Negative Binomial Distribution – How to Develop a Negative Binomial Model with Variable Overdispersion Parameter

generalized linear modelnegative-binomial-distributionoverdispersion

I am trying to develop a negative binomial model where the dependent variable is crash count, and the independent variables are traffic count and roadway length. Currently, with the below code, I get only one value of overdispersion parameter. But I want to get the overdispersion parameter that varies as a function of roadway length. Can you please tell me what should I change in the code? Thank you very much!

Crash_count<- 
    glm.nb(Total_crashes~LN(traffic_count) + 
    road_length, data=mydata)

Best Answer

I don't think you will be able to do that with glm.nb() but it is possible to do this is a Bayesian framework. I think there are multiple options on how to do this, but the most straightforward for someone without experience in Bayesian modelling will be to use the brms package, which allows the user to fit models using the same model syntax as R packages like lme4.

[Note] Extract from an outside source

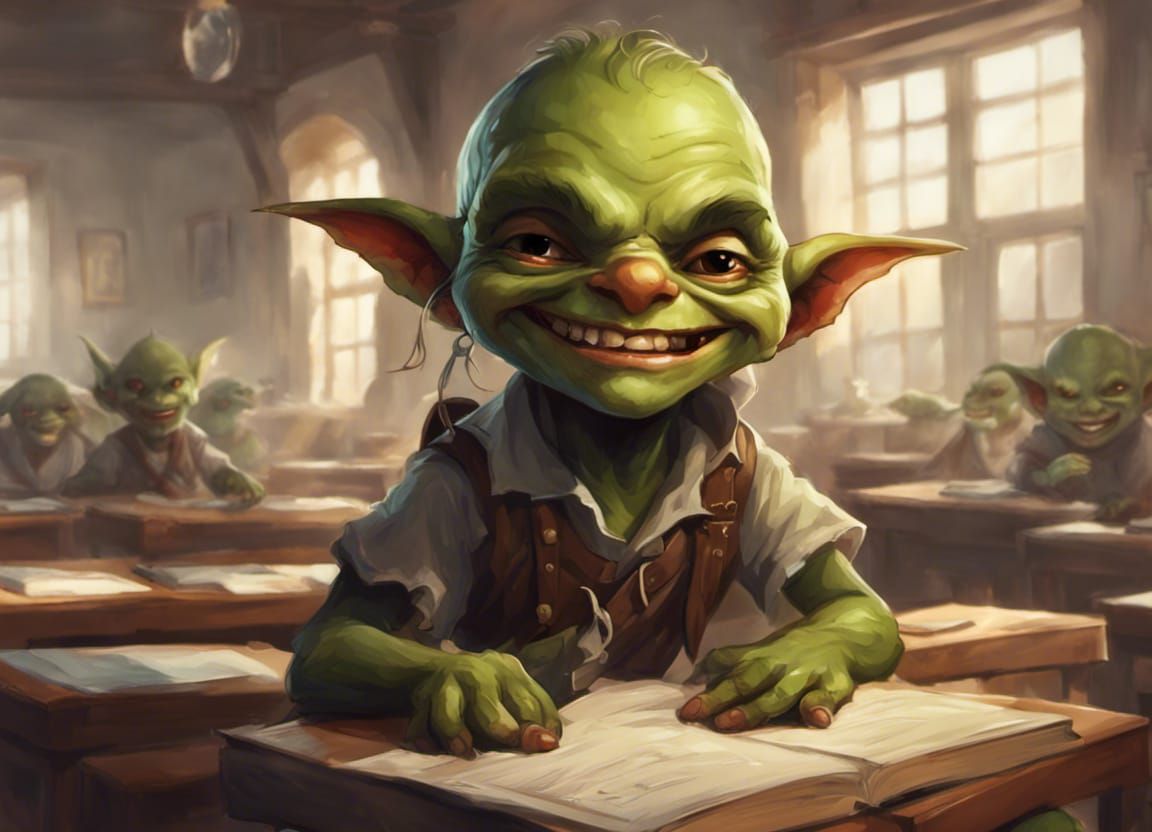 Grinning Goblin in School Classroom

Specifically, the model formula in the brms package would be the following, assuming you want to model Total_crashes by both traffic_count and road_length and just the overdispersion parameter by road_length:

Crash_count <- brm(bf(Total_crashes~LN(traffic_count) + road_length,
                      shape ~ road_length),
                   data=mydata,
                   family = negbinomial())

See this post for an example of someone predicting the shape/phi parameter, which is the overdispersion, using variables in a model:

https://discourse.mc-stan.org/t/negative-binomial-shape-and-phi-parameters/8120/3

That post, in combination with the vignette I link below about fitting distributional models in brms, should give you a good start on fitting the model you'd like to fit

https://cran.r-project.org/web/packages/brms/vignettes/brms_distreg.html

EDIT: As others have pointed out in the comments, there are other packages that allow for this to be modelled.